→ INSTRUCTIONS TO FOLLOW
Exact reproduction of the data is required, with images excluded.

→ SOURCE MATERIAL
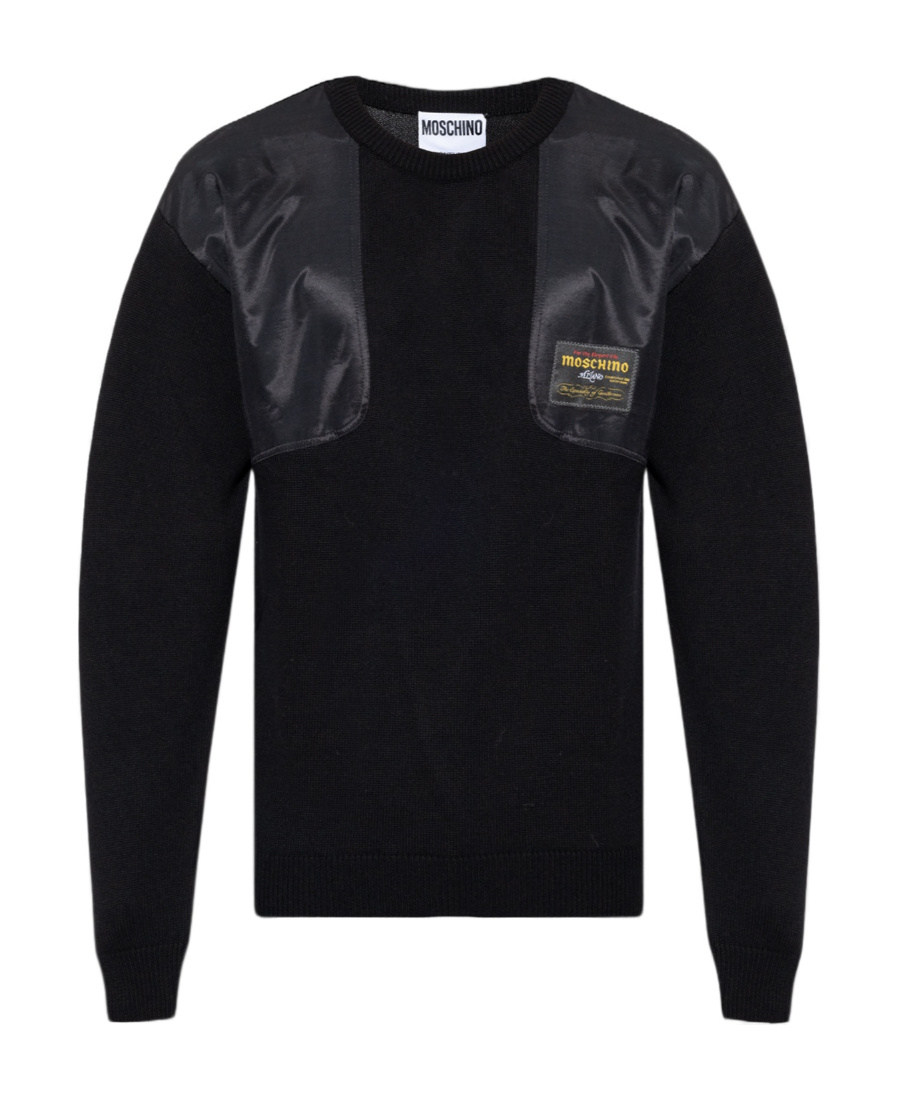 Moschino Long-sleeved Sweater In Black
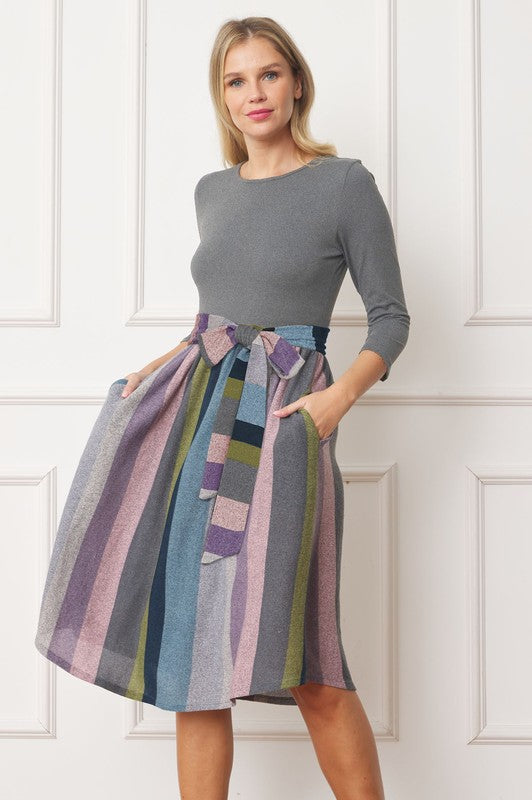 EG fashion Quarter Sleeve Stripe Sash Midi Dress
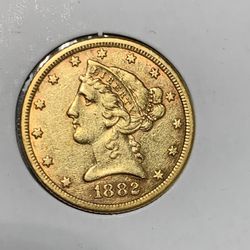 1882 $5 Liberty US Solid Gold Coin W/ COA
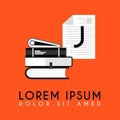 Stack of books with additional initial J logo in h simple and neat design Royalty Free Stock Photo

→ SOLUTION
 Moschino Long-sleeved Sweater In Black
 EG fashion Quarter Sleeve Stripe Sash Midi Dress
 1882 $5 Liberty US Solid Gold Coin W/ COA
 Stack of books with additional initial J logo in h simple and neat design Royalty Free Stock Photo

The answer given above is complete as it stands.